Canadian Fedwatch! News Across the Nation

Education over Regulation

In Nova Scotia, they’ll be conducting a peer led program ( for people aged 19-24 about the dangers and risks of gambling. The program, called Know the Score, will be conducted at six post-secondary institutions across the province.

Things like this have always confused me. For instance, Marie Mullally, president and CEO of the Nova Scotia Gaming Corporation, has said “The success of the two pilots confirm that Know the Score is an effective way to get accurate information about gambling out to people in this age group, who studies suggest are at a higher risk of developing gambling problems.” [Ed. For more information on the risks of gambling to university aged people, see Betting Your Life Away in this issue.]

So here’s my issue. We know there’s a risk of “developing gambling problems,” we know that gambling has really no benefit to society as a whole, and very little to most of the individuals involved in it. Can somebody tell me why we allow it? I mean, is there some genetically hardwired thing that just means some people happen to lead unfulfilled lives if they can’t gamble? Are these people the reason we allow it? Maybe it’s just me, but when I look at something that has virtually no benefit and is draining resources away from the public coffers, I wonder why we allow it in the first place.
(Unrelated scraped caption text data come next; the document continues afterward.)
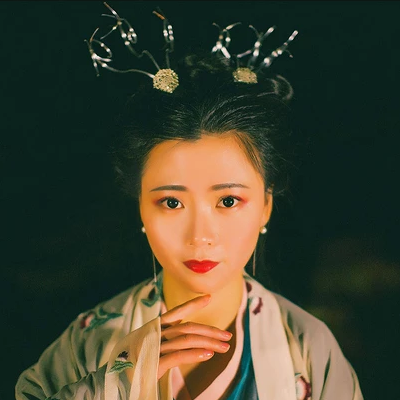 夜晚彈琵琶女生頭像，唯美古風(fēng)真人頭像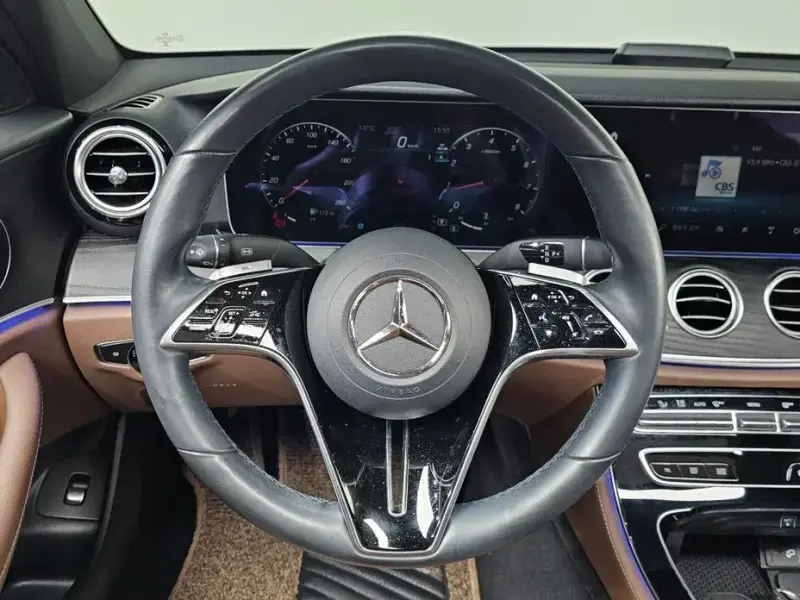 2022 Mercedes-Benz E-Класс с пробегом 70 403 км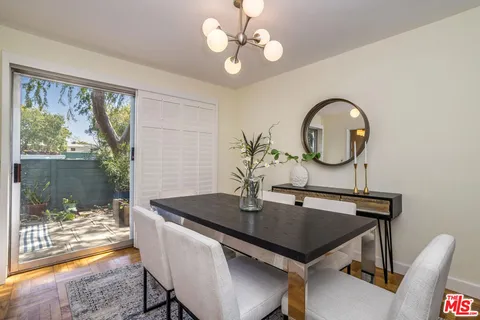 $789,000 | 5383 Village, Los Angeles, CA 90016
Some people claim that gambling is a money-making venture for the governments, which is why it’s permitted. But I’ve found that among the people I know, those who purchase the most lotto tickets and are hooked on gambling are also those who are generally relying on the government to support them to some extent. Which means you have to ask: if these people weren’t spending on gambling to give a portion to the government, would the government need to spend so much on them in the first place?

I wonder if it might be more cost effective to regulate than try to educate.
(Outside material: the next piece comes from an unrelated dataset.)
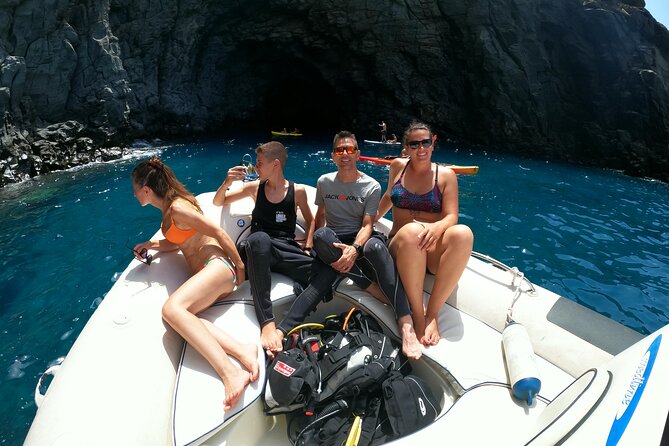 Boat Excursion to visit underwater lava tongues - Key highlights at a glance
Working Less or Less Working?

Statistics Canada has done a study ( comparing the output gap between the United States and Canada and has come to the stunning conclusion that we produce less than they do.

No, really. It’s true. However, in typical Canadian fashion, the studies goes on to justify this trend by saying that it’s not that we’re that much less productive for how long we work, it’s just that less of us, overall, are working. If you go down to a per hour basis, they find that we’re just slightly less productive than our counterparts to the south. Funny thing about that, two groups of people with very close to the same culture and level of technology tend to be very similar in productivity. Go figure.
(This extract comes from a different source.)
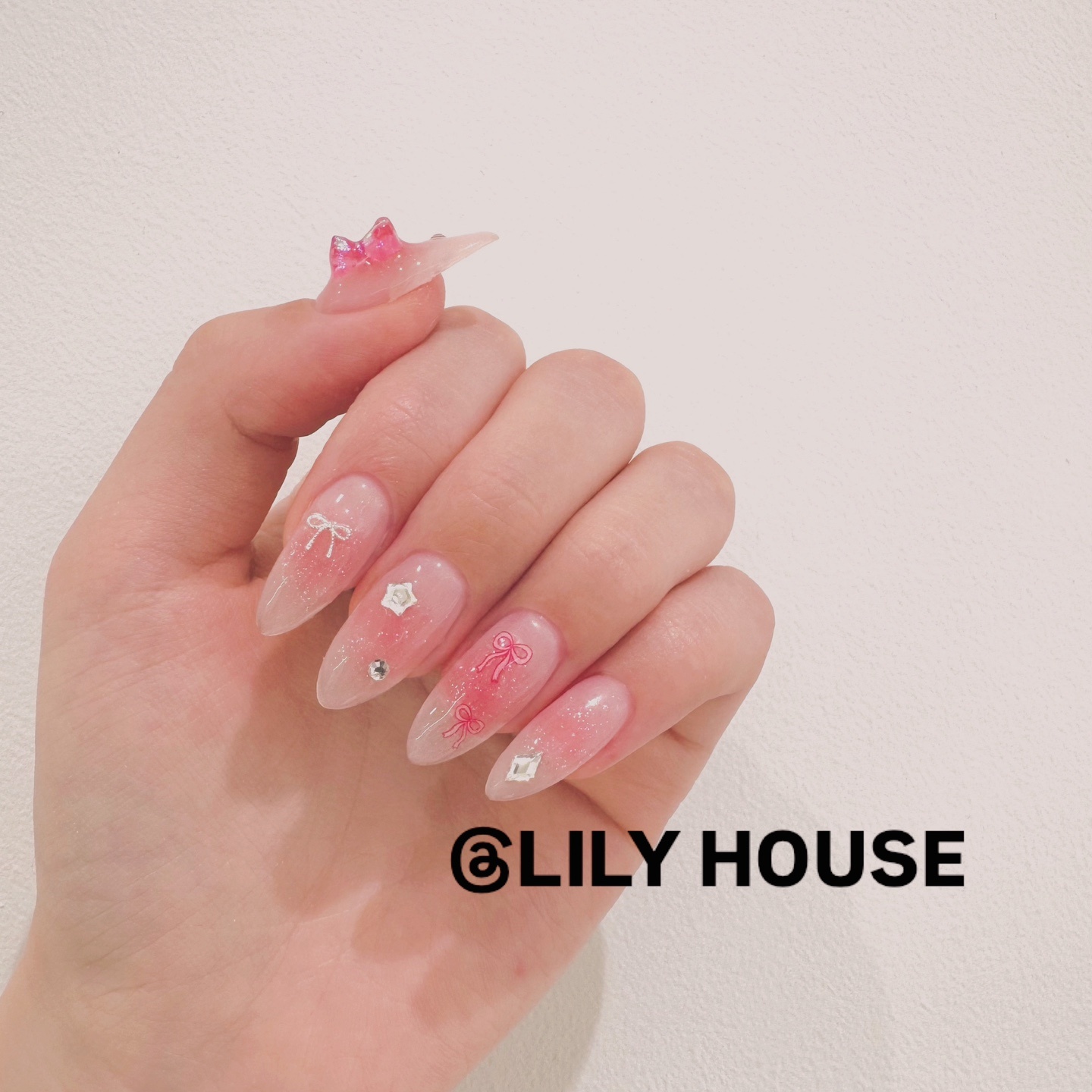 릴리하우스 LILY HOUSE picture 0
Of course, studies like this make you wonder if the reason for that small gap in productivity is specifically because Statistics Canada does a study like this rather than looking at something we didn’t already know.

It’s a Coin Toss

Alberta and Saskatchewan are celebrating their centennials this year. To commemorate these, the Royal Canadian Mint is producing two new quarters and wants Canadians to pick the artwork ( on them out of selections from each province.

The artwork on all of the coins was commissioned from local artists, and selected by provincial boards. Sadly, it seems the board for Alberta was particularly uninspired since two of the four coins are more in homage to the oil and gas industry than anything else. The industry that actually has been around since the beginning of Alberta–ranching–is not featured on any of them, though you see a few tiny cows on one and a tiny cowboy on another. Perhaps they decided they’d rather not feature Alberta Beef this year for reasons I cannot fathom (

Meanwhile, on the Saskatchewan side, they have only three choices, but they are quite diverse in style and subject matter. Maybe by the next centennial Alberta will come up with some originality for the designs.